Subdivision 8 of section 1411 was enacted by chapter 273 of the Laws of 1951, following a report of the Law Revision *602Commission (1951 Report of N. Y. Law Rev. Comm., p. 43). Reliance is placed on this quotation from the report: “ Commonly, realty occupied by married persons will be held in the name of one spouse. "When the husband and wife separate, the spouse with the legal right to possession may be unable to induce the other to move from the house or apartment ” (p. 65).

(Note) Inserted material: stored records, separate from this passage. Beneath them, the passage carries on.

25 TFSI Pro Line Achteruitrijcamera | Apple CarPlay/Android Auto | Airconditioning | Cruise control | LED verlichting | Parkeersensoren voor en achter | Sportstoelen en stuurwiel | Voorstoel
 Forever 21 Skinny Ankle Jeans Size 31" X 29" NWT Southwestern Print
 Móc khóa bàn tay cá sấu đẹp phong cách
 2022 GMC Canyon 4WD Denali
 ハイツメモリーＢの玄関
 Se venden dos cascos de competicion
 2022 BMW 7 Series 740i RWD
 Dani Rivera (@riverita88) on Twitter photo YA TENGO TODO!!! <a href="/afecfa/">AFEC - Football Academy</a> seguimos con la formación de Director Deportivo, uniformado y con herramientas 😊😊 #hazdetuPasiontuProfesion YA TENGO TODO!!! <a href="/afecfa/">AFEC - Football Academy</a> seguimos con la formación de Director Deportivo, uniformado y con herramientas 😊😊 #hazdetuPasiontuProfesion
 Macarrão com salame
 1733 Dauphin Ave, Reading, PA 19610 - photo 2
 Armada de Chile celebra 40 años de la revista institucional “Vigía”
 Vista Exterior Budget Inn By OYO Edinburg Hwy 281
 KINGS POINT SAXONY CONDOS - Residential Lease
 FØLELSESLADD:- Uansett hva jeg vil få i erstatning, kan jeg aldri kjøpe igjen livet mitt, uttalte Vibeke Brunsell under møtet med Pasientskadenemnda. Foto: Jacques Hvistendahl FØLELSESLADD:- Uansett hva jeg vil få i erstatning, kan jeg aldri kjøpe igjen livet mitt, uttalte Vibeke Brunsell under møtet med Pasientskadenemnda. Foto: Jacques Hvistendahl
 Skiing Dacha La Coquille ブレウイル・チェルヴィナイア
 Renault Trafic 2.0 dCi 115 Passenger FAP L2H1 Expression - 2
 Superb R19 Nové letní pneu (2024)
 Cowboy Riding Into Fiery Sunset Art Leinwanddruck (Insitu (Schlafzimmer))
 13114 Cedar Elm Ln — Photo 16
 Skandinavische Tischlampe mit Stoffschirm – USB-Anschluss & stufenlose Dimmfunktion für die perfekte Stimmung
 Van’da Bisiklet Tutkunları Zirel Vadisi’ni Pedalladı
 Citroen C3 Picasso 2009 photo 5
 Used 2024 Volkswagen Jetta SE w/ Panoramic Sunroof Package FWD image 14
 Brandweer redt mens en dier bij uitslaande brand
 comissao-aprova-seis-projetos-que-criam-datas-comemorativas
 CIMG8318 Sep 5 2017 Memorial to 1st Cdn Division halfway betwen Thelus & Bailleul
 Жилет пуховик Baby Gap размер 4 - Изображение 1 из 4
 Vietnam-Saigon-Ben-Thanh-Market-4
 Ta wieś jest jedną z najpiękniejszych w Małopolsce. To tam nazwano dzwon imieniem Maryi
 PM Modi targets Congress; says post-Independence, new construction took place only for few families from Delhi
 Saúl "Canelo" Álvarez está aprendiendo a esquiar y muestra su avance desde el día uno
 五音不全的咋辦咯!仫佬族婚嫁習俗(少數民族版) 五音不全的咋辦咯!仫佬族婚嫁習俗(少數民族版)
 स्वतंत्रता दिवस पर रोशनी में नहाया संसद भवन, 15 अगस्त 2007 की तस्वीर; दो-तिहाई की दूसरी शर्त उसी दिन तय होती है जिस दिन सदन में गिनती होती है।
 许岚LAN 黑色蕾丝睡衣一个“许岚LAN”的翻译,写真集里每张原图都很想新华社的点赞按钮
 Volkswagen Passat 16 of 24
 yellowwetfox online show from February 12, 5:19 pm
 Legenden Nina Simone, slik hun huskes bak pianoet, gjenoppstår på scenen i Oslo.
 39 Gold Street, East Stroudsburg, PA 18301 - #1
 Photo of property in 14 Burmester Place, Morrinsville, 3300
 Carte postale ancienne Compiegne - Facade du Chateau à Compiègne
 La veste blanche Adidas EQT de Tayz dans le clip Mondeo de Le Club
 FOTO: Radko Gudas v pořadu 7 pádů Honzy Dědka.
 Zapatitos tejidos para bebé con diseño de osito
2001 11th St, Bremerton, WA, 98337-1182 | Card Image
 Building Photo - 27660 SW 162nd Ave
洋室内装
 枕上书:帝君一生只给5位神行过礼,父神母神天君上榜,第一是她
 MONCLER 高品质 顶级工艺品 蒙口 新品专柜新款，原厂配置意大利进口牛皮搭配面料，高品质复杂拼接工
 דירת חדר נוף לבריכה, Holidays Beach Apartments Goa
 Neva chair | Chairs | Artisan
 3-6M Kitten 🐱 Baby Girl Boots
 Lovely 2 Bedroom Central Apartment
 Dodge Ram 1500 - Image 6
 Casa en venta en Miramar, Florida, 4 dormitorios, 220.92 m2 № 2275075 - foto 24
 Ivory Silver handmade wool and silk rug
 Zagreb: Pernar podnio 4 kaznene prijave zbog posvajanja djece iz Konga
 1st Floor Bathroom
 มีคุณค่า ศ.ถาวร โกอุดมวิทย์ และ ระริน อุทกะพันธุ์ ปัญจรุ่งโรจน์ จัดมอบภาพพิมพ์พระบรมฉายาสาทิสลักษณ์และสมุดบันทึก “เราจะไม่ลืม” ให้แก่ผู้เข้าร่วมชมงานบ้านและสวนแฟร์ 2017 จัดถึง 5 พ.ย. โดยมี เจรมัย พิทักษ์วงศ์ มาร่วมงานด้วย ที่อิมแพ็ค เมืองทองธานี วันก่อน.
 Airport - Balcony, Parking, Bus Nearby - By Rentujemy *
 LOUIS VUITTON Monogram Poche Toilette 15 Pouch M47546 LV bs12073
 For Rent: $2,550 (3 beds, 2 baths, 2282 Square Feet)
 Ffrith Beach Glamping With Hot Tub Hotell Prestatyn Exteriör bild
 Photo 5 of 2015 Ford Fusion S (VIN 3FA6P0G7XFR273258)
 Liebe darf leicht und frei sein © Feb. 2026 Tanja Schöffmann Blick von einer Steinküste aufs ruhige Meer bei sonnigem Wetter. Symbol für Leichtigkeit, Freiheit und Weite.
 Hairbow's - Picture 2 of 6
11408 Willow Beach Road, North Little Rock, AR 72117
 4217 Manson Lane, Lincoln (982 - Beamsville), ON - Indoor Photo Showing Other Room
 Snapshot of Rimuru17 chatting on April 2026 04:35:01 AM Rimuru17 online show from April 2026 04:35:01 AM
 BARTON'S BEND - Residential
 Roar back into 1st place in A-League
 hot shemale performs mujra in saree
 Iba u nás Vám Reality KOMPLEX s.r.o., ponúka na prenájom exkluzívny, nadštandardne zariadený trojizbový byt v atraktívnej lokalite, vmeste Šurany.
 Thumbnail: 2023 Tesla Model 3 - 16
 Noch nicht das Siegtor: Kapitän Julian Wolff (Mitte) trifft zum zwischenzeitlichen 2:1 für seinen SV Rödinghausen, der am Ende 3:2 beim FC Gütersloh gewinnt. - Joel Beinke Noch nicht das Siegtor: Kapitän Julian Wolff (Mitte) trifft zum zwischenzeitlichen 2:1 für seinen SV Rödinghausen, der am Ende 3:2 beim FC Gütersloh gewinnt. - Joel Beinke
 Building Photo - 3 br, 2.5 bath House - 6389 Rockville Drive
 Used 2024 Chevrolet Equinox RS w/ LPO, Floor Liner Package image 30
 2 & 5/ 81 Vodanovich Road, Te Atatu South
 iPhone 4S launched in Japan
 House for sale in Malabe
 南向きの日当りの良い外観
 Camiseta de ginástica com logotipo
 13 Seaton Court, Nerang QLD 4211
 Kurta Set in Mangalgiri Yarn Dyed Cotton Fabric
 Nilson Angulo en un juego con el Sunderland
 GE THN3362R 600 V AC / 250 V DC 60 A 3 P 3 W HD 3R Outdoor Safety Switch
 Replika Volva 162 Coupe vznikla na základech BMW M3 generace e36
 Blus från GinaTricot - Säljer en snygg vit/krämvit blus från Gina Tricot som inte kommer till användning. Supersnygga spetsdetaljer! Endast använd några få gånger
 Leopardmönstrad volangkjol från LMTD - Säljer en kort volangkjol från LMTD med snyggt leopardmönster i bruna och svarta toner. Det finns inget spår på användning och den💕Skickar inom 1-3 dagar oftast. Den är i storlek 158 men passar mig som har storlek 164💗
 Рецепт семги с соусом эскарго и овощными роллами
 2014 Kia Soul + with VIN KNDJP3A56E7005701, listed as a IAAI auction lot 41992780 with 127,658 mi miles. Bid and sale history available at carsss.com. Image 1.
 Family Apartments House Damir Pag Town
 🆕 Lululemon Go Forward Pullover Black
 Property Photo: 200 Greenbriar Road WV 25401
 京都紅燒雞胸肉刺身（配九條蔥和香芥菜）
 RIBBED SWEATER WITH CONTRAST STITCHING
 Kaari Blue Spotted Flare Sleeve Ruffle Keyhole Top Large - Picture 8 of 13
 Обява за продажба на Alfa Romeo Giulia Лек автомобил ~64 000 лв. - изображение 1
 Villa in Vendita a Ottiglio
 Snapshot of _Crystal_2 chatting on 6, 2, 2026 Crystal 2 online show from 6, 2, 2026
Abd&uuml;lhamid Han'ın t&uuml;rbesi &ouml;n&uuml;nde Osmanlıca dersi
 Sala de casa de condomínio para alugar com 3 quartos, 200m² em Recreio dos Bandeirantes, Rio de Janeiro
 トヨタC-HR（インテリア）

In my view, the majority misinterpret both the commission’s .comment and the legislative enactment. The topical heading of the paragraph in which the quotation appears is: “(e) Spouse Remaining on Premises after Separation or Divorce.” (Emphasis supplied.) This juxtaposition of separation with divorce carries a clear implication that the reference is to a finalized separation through, judicial decree or formal agreement creating a new status and not to a loose projected arrangement such as that embodied in the letter of January 4, 1959. There is no reason to suppose that the Legislature intended to go any further.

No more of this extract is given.